Ein gutes Beispiel dafür ist das berühmte Restaurant in Kopenhagen, Noma. Der Küchenchef und Mitinhaber, René Redzepi, erklärte einmal, dass er sich nicht im Restaurantgeschäft sieht. Noma engagiert sich nicht darin. Noma ist eine Hospitality-Marke oder besser gesagt, eine Marke, die Gastgeber ist. Und genau wegen des Bestehens auf einem solchen Erlebnis – man ist ein Gast, nicht ein Kunde – empfangen die Köche dieses mit drei Michelin-Sternen ausgezeichneten Restaurants die Gäste an der Tür, selbst wenn in der Küche etwas brennt. So bietet das Restaurant kein Essen, sondern ein Erlebnis, ein Gefühl von Willkommenheit und Komfort. Die Marke Equinox hingegen bietet ein Premium-Erlebnis im Fitnessstudio. Es ist nicht (nur) ein Raum, in dem man schwitzt und Muskeln aufbaut, sondern auch ein Treffpunkt für wohlhabende Kunden, die dort Kontakte knüpfen und sich vernetzen. Neben der Beschäftigung von Top-Trainer und Experten liegt ihr Fokus auf Aktivitäten, die das Networking exklusiver Mitglieder fördern.

Sie sind auf dem Papier ein Fitnessstudio, aber ihre wahre Rolle besteht darin, ein Erlebnis zu bieten, ähnlich wie LinkedIn in einem physischen Raum mit Trainingsgeräten. In letzter Zeit bieten die meisten Marken Erlebnisse in ihren neu eröffneten Hotels, Restaurants, Wellness-Zentren und vielen anderen Gastgewerbeeinrichtungen an, und wie die Zahlen zeigen, ist es wahrscheinlich, dass die Investitionen in diesen Industriesektor in den kommenden Jahren wachsen werden. Laut der Global Fashion & Luxury Private Equity and Investors Survey 2023 glauben bis zu 49 Prozent der Investoren, dass der Restaurant- und Hotelsektor in diesem Jahr am schnellsten wachsen wird. Von allen Fusionen und Übernahmen, die Luxusunternehmen in diesem Jahr realisiert haben, entfällt der größte Anteil, 33,6 Prozent, auf das Hotelgeschäft, mit insgesamt 98 Geschäfts Deals abgeschlossen, 16 mehr als in 2021. Auch andere Sektoren im Gastgewerbe haben einen Anstieg der Anzahl von Übernahmen und Fusionen verzeichnet, und interessanterweise steigen auch die Investitionen von Luxusmarken in Privatjets.

Die Magie muss bestehen bleiben

Deloitte hat auch den Boom des Erfahrungsluxus in der sogenannten Gastgewerbe-Industrie verzeichnet. Teilnehmer an seiner Forschung gaben an, dass das Hotelgeschäft oder die Investitionen von Luxusmarken in dieser Branche in den nächsten drei Jahren am stärksten wachsen werden. Wie diese Verschmelzung von Gastgewerbe und Luxusmarken aussieht, demonstrieren bereits eine Reihe von starken Akteuren wie Audemars Piguet oder Tiffany & Co.

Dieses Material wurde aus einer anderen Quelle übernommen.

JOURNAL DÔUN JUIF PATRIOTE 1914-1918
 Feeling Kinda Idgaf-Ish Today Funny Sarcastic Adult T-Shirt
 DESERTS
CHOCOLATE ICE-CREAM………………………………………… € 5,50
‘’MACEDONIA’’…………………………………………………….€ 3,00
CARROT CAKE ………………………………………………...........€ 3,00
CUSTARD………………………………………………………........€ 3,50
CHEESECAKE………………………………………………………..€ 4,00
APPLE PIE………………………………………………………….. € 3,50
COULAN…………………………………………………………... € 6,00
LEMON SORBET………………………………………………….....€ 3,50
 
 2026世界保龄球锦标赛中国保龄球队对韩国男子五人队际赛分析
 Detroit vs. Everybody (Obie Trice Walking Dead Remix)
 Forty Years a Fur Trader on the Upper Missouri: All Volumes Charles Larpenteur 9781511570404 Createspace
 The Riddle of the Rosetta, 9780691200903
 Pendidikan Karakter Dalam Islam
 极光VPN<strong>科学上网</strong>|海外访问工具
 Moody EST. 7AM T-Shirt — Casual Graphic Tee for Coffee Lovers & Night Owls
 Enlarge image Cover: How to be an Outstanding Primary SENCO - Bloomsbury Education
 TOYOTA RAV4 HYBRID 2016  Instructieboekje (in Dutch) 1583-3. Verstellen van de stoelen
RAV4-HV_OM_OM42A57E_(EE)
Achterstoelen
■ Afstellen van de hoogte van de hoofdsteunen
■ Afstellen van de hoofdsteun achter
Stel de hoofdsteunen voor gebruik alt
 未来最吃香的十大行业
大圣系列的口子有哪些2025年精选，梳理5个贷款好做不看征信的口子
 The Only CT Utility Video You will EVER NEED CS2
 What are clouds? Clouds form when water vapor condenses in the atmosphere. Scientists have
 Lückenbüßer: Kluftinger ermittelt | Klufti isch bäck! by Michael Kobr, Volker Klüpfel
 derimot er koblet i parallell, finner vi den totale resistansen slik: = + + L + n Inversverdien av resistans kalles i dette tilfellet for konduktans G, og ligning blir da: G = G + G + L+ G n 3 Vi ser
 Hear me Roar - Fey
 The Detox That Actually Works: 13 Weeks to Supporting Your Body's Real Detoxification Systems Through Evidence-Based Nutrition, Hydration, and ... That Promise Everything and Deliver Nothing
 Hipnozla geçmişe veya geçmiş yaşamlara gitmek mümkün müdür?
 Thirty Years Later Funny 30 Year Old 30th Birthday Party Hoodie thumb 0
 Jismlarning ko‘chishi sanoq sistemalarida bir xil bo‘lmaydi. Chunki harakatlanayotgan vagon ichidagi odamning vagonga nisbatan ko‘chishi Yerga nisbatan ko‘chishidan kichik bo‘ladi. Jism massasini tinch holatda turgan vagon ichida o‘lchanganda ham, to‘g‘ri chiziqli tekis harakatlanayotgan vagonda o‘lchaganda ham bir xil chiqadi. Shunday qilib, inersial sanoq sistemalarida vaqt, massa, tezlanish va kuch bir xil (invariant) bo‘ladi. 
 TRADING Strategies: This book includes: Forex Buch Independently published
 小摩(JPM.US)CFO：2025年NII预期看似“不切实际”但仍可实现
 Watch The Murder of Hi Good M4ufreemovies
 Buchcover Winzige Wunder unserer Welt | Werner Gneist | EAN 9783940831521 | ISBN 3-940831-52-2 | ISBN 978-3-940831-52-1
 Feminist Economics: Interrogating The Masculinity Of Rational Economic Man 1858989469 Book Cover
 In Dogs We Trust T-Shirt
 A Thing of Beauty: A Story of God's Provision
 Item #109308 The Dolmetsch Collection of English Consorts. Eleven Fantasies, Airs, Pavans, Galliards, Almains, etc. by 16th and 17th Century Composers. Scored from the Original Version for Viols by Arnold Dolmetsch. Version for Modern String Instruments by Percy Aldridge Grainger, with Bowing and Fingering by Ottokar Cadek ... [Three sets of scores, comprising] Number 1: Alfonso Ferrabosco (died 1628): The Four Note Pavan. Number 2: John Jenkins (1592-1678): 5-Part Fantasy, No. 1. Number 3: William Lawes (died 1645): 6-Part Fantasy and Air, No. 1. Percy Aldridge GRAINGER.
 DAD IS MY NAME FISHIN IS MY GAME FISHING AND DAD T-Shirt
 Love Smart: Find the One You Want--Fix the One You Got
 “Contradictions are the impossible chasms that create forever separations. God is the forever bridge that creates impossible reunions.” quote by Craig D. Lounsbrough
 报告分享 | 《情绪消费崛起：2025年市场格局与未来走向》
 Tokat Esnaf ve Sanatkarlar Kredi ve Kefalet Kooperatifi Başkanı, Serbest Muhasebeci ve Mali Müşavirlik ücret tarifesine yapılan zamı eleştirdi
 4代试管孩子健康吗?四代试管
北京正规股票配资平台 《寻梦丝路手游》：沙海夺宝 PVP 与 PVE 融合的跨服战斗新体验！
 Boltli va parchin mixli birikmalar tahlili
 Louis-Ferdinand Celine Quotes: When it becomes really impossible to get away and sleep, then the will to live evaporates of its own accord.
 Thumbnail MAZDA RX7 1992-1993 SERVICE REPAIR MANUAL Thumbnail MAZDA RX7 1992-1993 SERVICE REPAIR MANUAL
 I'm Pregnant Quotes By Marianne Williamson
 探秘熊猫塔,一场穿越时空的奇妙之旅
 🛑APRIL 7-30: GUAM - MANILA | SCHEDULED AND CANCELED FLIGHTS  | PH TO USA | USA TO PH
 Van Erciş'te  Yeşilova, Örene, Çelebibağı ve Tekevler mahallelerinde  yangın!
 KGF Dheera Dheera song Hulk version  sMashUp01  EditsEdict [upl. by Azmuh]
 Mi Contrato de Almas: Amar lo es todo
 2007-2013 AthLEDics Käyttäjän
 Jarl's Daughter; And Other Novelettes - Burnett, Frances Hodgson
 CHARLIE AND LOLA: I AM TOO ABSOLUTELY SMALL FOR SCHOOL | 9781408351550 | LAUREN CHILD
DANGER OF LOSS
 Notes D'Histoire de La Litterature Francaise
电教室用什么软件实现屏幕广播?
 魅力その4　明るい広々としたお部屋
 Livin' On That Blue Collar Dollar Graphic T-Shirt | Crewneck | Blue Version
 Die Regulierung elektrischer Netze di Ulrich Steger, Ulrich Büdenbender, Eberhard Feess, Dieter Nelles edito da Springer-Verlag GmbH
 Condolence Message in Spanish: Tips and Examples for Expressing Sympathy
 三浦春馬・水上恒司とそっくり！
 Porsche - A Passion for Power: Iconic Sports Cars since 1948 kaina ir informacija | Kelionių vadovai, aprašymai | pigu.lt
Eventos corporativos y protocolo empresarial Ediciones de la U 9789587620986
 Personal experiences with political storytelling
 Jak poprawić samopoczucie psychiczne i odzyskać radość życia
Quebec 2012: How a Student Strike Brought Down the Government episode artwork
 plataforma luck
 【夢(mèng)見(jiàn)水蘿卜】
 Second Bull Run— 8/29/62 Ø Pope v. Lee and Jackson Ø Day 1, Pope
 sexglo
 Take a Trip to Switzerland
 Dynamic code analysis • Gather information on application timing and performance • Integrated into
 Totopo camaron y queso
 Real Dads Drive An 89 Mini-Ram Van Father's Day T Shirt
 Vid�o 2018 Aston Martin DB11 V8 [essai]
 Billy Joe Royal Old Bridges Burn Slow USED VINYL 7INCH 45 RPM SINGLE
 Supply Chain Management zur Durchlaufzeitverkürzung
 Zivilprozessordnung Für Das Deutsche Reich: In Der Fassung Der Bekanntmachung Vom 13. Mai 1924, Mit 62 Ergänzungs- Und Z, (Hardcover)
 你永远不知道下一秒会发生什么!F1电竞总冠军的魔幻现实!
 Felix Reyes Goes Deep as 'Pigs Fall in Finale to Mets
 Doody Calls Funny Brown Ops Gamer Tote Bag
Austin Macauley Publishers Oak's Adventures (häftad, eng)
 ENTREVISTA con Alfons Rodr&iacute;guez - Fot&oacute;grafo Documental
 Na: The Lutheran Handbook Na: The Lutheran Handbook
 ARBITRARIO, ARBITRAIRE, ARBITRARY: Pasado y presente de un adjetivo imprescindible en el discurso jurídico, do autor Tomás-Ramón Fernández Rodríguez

Der renommierte Uhrenhersteller leitet das Hôtel des Horlogers, das 1857 erbaut wurde und das die Marke 2003 übernommen und renoviert hat. Das Hotel, wie sie es beschreiben, überschreitet die Grenzen von Natur und Architektur und bietet einen Raum reiner Harmonie. Neben der Möglichkeit, in luxuriös ausgestatteten Zimmern zu schlafen, in feinen Restaurants zu speisen und Spa-Einrichtungen zu genießen, können die Gäste ein nahegelegenes Museum besuchen, das hochwertigen Uhren gewidmet ist.

Tiffany & Co. hat den Kunden ein Erlebnis geboten, in die Welt des ikonischen Films ‚Frühstück bei Tiffany‚ einzutauchen. In Harrods in London können die Besucher nachmittags Tee und Mahlzeiten genießen, umgeben von den Schmuckstücken der Marke und den erkennbaren Tiffany-blauen Boxen. Die ausgestellten Produkte können natürlich gekauft werden, oder man kann, zumindest für einen Nachmittag, wie die unvergessliche Figur Holly Golightly leben, die von Audrey Hepburn dargestellt wurde. Am Ende, wenn es um Erfahrungsluxus geht, ist einmal nicht genug, denn wie The Drum schlussfolgert, wenn die Magie initiiert wird, ist es nicht wert, sie zu unterbrechen.